An employer's most effective tool against inappropriate computer use and abuse is a comprehensive and uniformly distributed electronic communications policy. Such policies, if properly drafted, clearly define the employer's property interest in both computer equipment and all of the uses to which that equipment is put, educate employees about appropriate guidelines for computer use, and diminish any expectation of privacy that an employee might otherwise have regarding electronic communications. The policy should also be broad enough to encompass more than simply Internet abuse.
Like any employment policy, an electronic communications policy should be drafted with an eye toward each individual employer's unique needs, resources, and corporate culture. At a minimum, however, an Internet policy should contain provisions to address the following:
Ownership of Equipment and Messages. A policy should clearly state that all equipment is owned by the company and is to be used primarily for company business. This is particularly important for employers who provide laptop computers to employees.
Use of System. Employees should be told whether company computers are to be used for business purposes only, or whether they may engage in incidental personal use. If the latter, the policy should also set forth any clear limitations the employer wishes to make upon personal use (e.g., restricted to nonwork hours, restricted to a certain number of hours per month). Employees should also be informed of any restrictions on use the employer wishes to impose (e.g., prohibitions on uploading or downloading of confidential or proprietary materials, prohibiting use of company computers to obtain pornographic or offensive materials, prohibition on access to gambling sites).

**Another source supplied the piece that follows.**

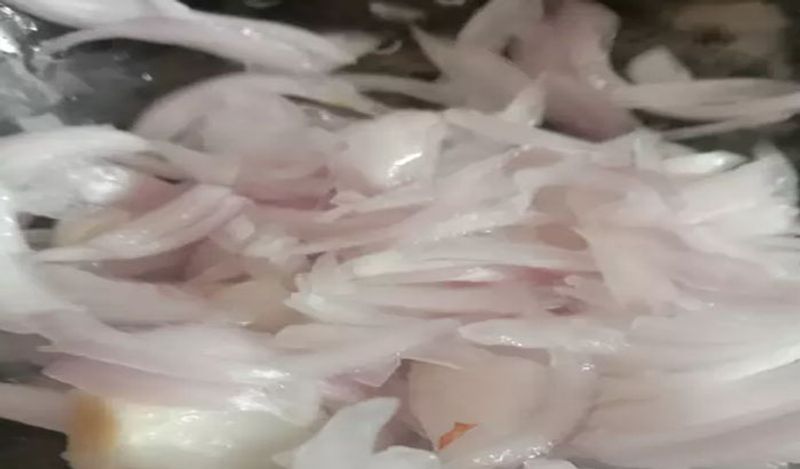 अब प्याज से पानी छान लें और इसे छलनी में डालकर अलग रख दें। प्याज में पानी नहीं बाकी रहना चाहिए।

Restrictions on Content. The policy should also set forth any express limitations on message content that the employer wishes to impose (e.g., no creation or distribution of chain letters, no solicitations or advertisements for non-company purposes, no searching for other employment). It is particularly important that the policy expressly prohibit use of company computers to create or transmit harassing or defamatory materials or materials that are sexually explicit.

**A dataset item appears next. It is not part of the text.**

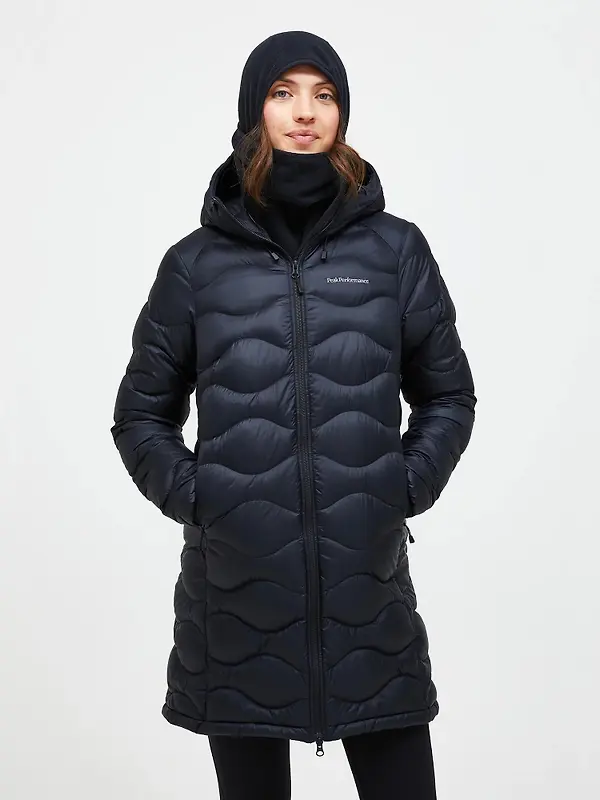 Peak Performance Women's Helium Down Parka - Black Image 2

Security. Employees should be told that they may not engage in activities that could jeopardize the security of the employer's computer systems. In particular, employees should be prohibited from disclosing their passwords to others, using or disclosing anyone else's system password, or enabling unauthorized persons to access the company's computer systems.

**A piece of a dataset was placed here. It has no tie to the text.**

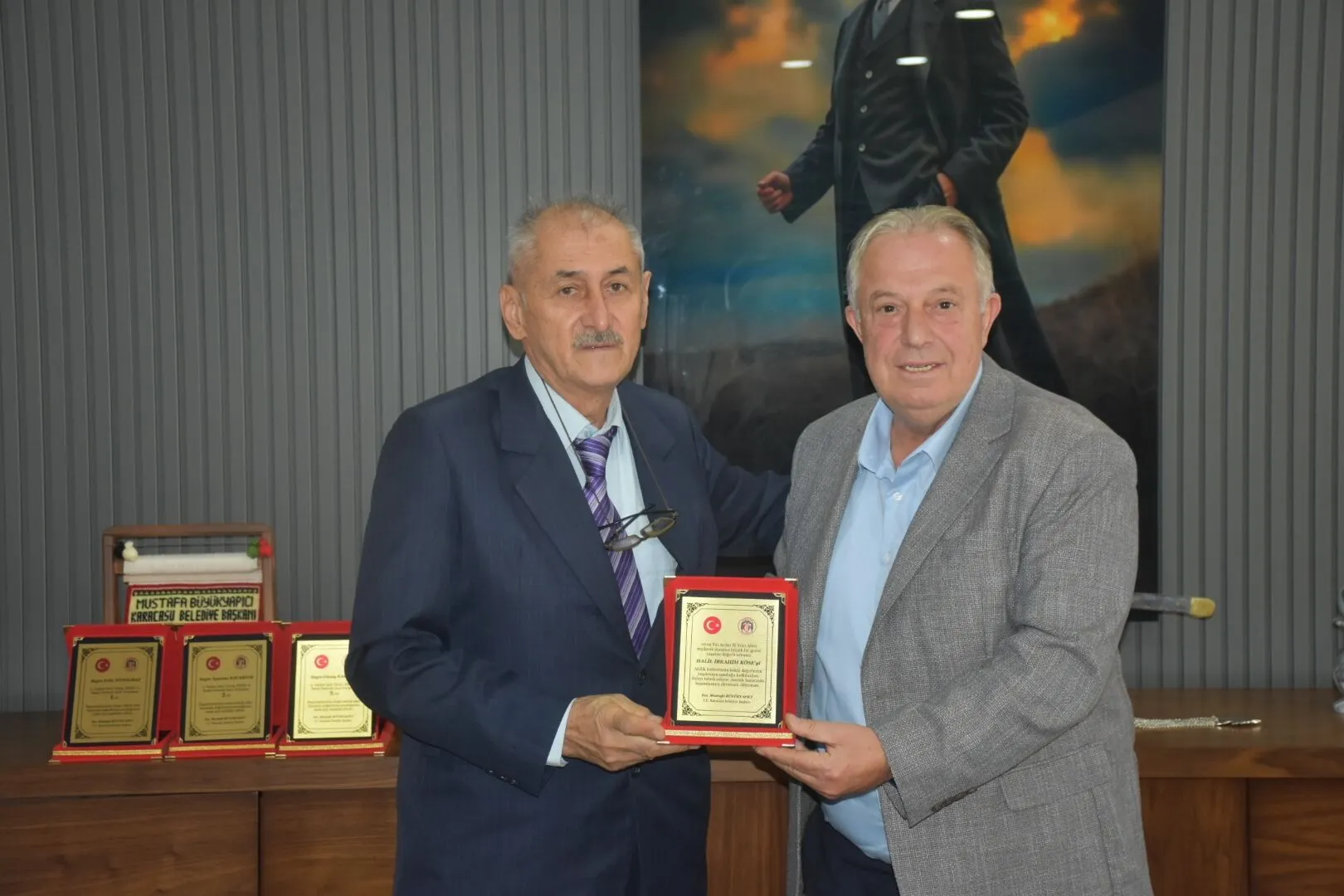Başkan Büyükyapıcı yılın AHİSİ Köse’ye plaket verdi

Employer's Right to Monitor. The policy should expressly reserve to the employer the right to monitor any and all employee use of the company's computer systems. The policy should also remind employees that they have no expectation of privacy in any personal or work messages that they may create or receive using company computer systems.
Consequences of Violating Policy. Employees should be informed that violation of the policy could result in disciplinary action, up to and including discharge. They should also be made aware that they may be held personally responsible for their actions on the Internet.
Acceptance and Consent to Monitoring. Each employee should be required to sign the policy, acknowledging that he or she has read the policy, agrees to abide by its terms, and consents to any and all company monitoring consistent with the policy.
Like any employment policy, an Electronic Communications Policy is useless if employees are not aware that it exists. At implementation, your policy must be uniformly distributed to all employees to whom it applies and, when new employees join, made a part of their initial package of employment records and policies. It is also a good idea to remind employees of the existence and terms of the policy on a regular basis.